Monday, February 27, 2012

As Far Away As Possible

Trey Smith

Since the dawn of the nation-state -- maybe even earlier than that -- we humans have engaged in acts of war. War is waged for a wide variety of reasons, but coveting another group's territory and/or resources is chief among them. It was that way in the ancient world and it is that way today.

As long as we have been warring between and amongst ourselves, one of the greatest objectives of war has centered around the calculation of how to inflict the most damage on the "enemy," while exposing your side (at least, the "important" people) to the least possible amount of damage and injury. This objective is the prime motivation behind the development of weaponry.

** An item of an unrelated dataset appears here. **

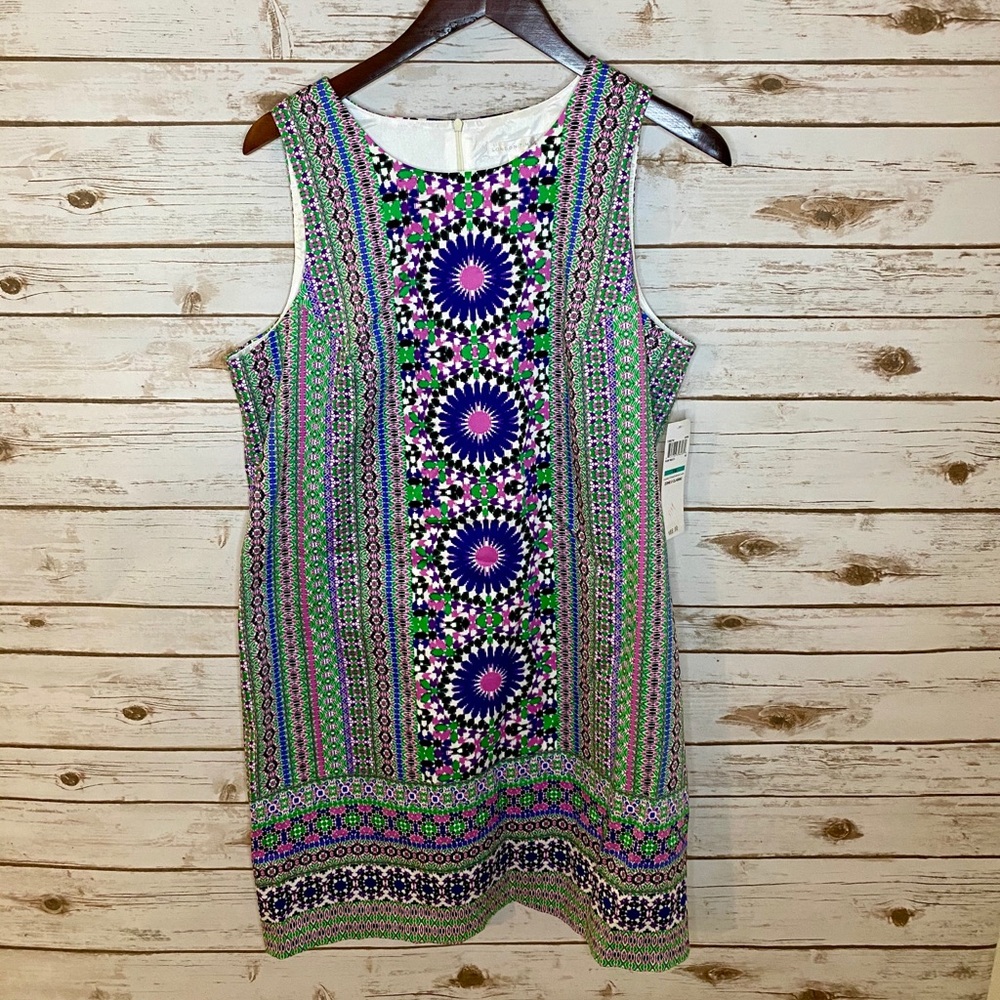 NWT • London Time • Multicolor Sheath Dress •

I bet the first time someone hurled a rock with a sling, the folks on the receiving end said, "Whoa! We better figure out how they did that or we're going to be goners for sure!" The bow and arrow or the catapult meant that your fighting forces could inflict casualties without standing toe-to-toe with your adversary.

As civilization has advanced through the years, so too have our weapons. Guns took warfare to a completely different level. Hand grenades and flamethrowers caused greater amounts of carnage. Still, soldiers had to be in the near vicinity to employ these types of weapons and that meant they continued to be exposed to immediate retaliation.

To limit this ongoing exposure, we developed cannons, mortars, tanks and the like. This moved us further away still, but not far enough. Dropping bombs from aircraft flying high above the earth has become a reliable means for wreaking death and destruction, but planes can be shot out of the air.

Next came precision-guided missiles that can be fired from hundreds or thousands of miles away. While these projectiles are decidedly lethal and greatly limit our exposure, we have come to realize that they removed one important element from our bloodlust: We have pushed ourselves so far away that we can't "enjoy" the results of our handiwork. We only can see the aftermath; we have lost the ability to revel in the thrill of watching someone's head blown off.

And this brings us to war by drone. We have developed drones to give us the best of both worlds. On the one hand, since drones can be controlled from thousands of miles away, our exposure is negligible. The operator of a drone has a far greater chance of being killed on the highway or in his or her own bathtub than in the theater of war.

On the other hand, because drones are equipped with high-tech cameras, we get to see the devastation wrought in real time. While the operator conceivably could be sitting there in his undershorts with a martini in hand and porn on his iPhone, he can watch nameless men, women and children be obliterated in seconds! Good shot, Morrison. High fives all around!

In my book, this is why drones are so immoral. They make a statement about us as a people and that statement is grotesque and ugly. It's not enough that we want to kill and maim with abandon; we want to watch and cheer it as it if we simply are sitting in our living rooms watching American Idol or the World Series!